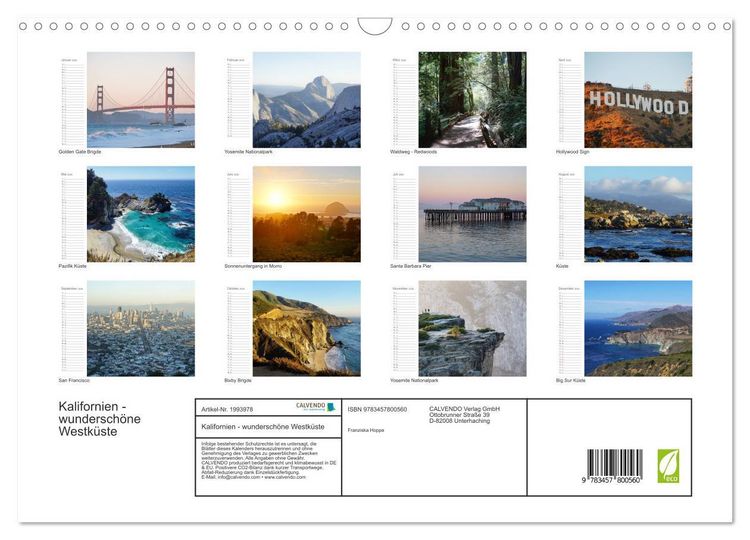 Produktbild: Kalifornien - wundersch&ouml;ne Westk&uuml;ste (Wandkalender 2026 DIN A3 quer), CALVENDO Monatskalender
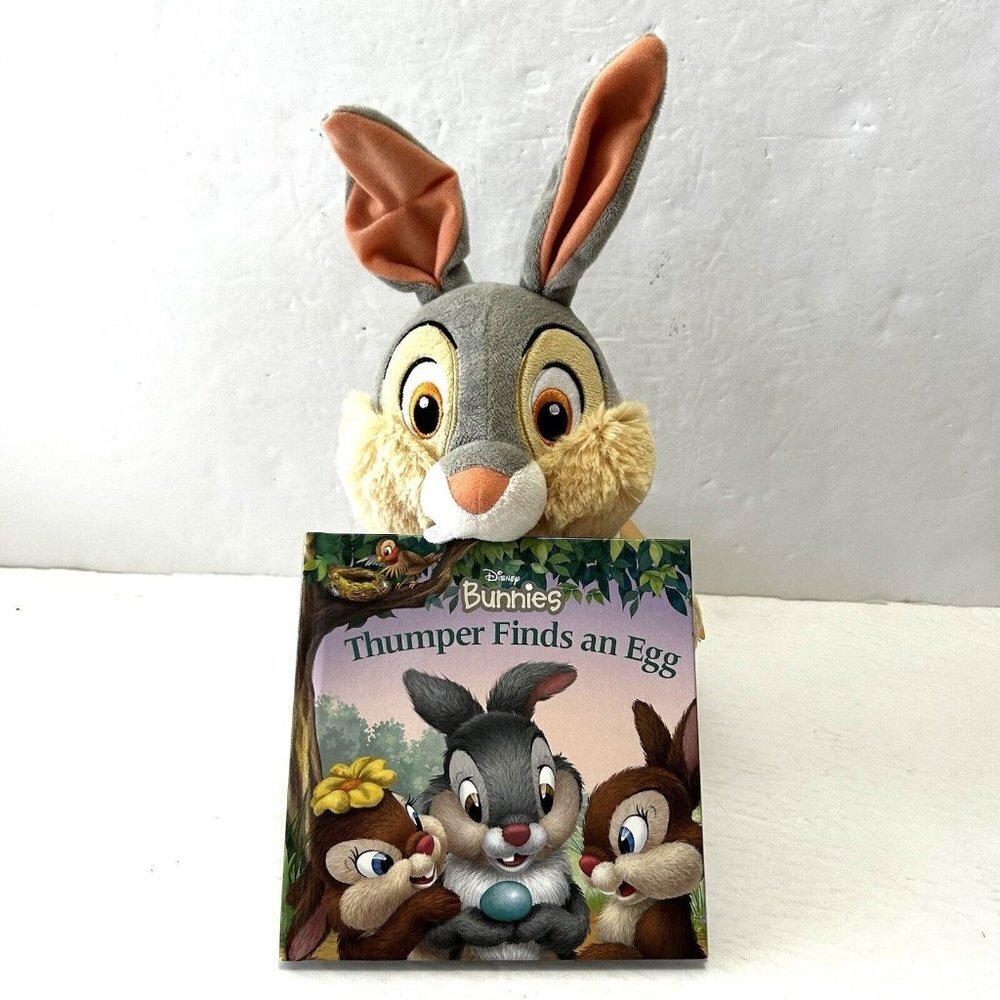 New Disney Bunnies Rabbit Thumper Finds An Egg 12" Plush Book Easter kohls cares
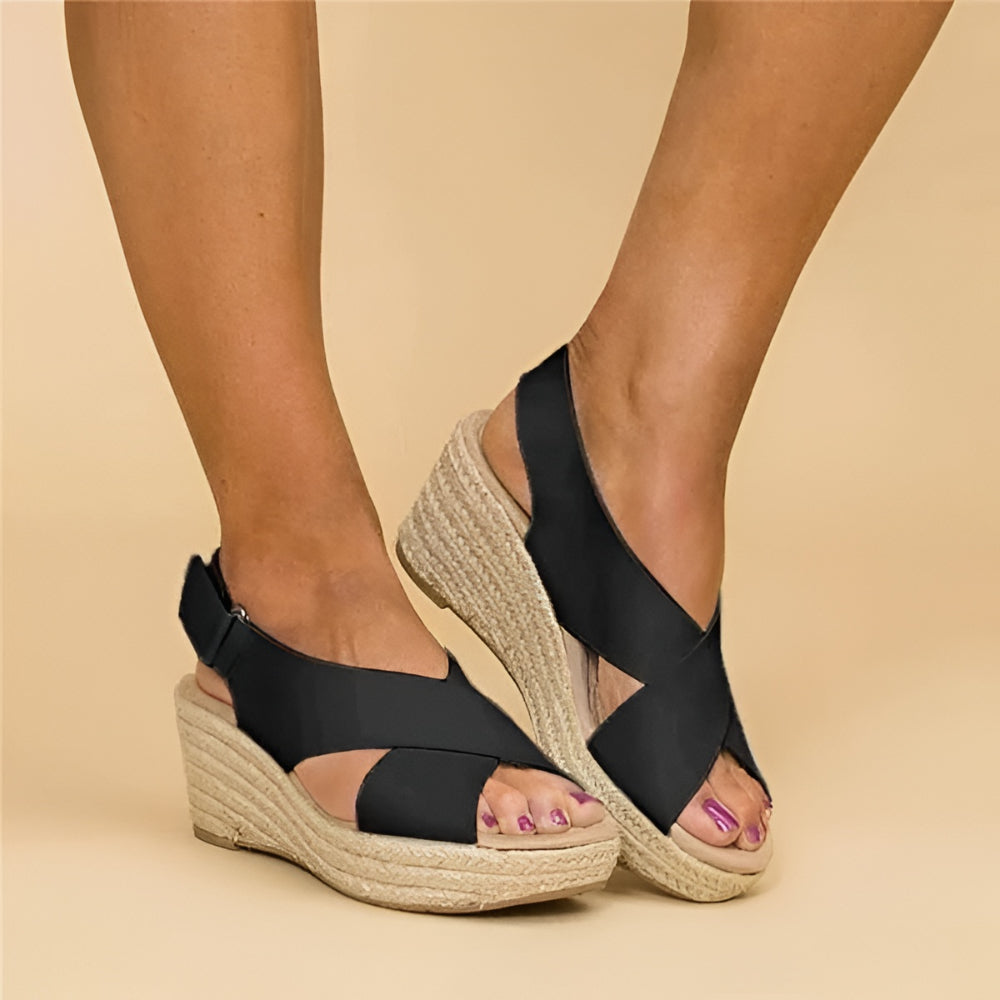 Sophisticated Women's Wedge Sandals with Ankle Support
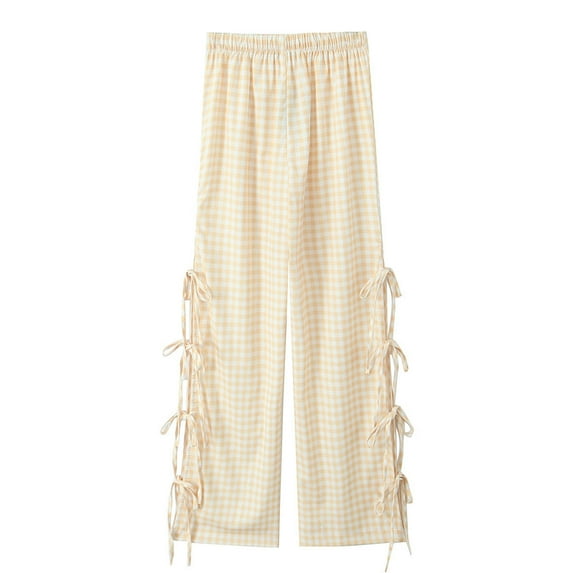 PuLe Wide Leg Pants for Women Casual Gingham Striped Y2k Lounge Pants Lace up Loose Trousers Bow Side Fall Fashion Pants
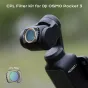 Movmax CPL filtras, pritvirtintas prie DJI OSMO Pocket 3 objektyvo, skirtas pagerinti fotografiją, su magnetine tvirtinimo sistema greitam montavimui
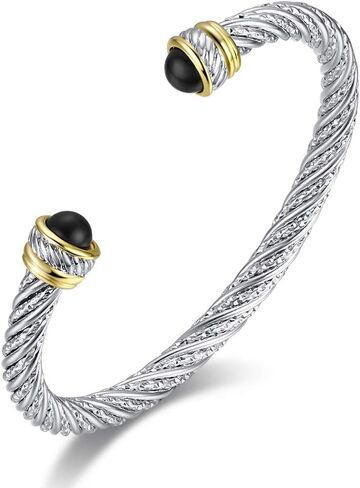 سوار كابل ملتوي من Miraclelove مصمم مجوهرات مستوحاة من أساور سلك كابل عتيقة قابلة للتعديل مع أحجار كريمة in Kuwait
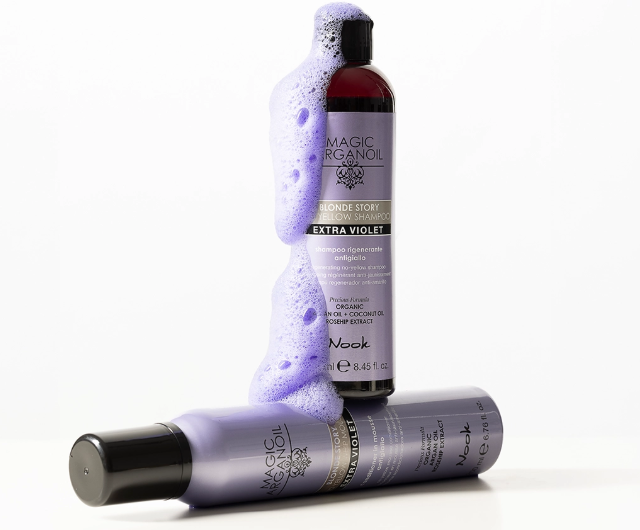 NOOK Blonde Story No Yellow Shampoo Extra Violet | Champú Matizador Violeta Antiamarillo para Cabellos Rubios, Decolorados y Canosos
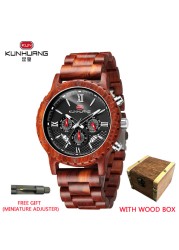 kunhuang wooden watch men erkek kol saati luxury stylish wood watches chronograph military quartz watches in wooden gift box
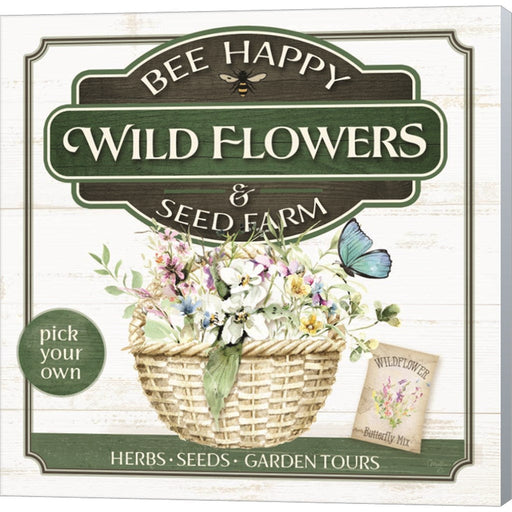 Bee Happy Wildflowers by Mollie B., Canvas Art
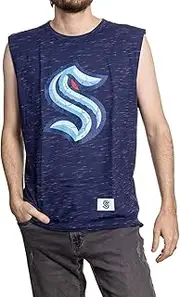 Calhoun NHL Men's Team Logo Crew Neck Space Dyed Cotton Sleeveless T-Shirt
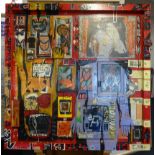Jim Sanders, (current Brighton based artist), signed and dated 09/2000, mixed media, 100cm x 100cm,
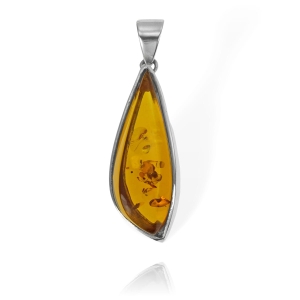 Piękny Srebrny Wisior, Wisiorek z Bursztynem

__________

- _AIM OF THE TASK_
Where images occur in the data above, leave them out and repeat everything else exactly.

- _TASK RESPONSE_
 Produktbild: Kalifornien - wundersch&ouml;ne Westk&uuml;ste (Wandkalender 2026 DIN A3 quer), CALVENDO Monatskalender
 New Disney Bunnies Rabbit Thumper Finds An Egg 12" Plush Book Easter kohls cares
 Sophisticated Women's Wedge Sandals with Ankle Support
 PuLe Wide Leg Pants for Women Casual Gingham Striped Y2k Lounge Pants Lace up Loose Trousers Bow Side Fall Fashion Pants
 Movmax CPL filtras, pritvirtintas prie DJI OSMO Pocket 3 objektyvo, skirtas pagerinti fotografiją, su magnetine tvirtinimo sistema greitam montavimui
 سوار كابل ملتوي من Miraclelove مصمم مجوهرات مستوحاة من أساور سلك كابل عتيقة قابلة للتعديل مع أحجار كريمة in Kuwait
 NOOK Blonde Story No Yellow Shampoo Extra Violet | Champú Matizador Violeta Antiamarillo para Cabellos Rubios, Decolorados y Canosos
 kunhuang wooden watch men erkek kol saati luxury stylish wood watches chronograph military quartz watches in wooden gift box
 Bee Happy Wildflowers by Mollie B., Canvas Art
 Calhoun NHL Men's Team Logo Crew Neck Space Dyed Cotton Sleeveless T-Shirt
Jim Sanders, (current Brighton based artist), signed and dated 09/2000, mixed media, 100cm x 100cm,
 Piękny Srebrny Wisior, Wisiorek z Bursztynem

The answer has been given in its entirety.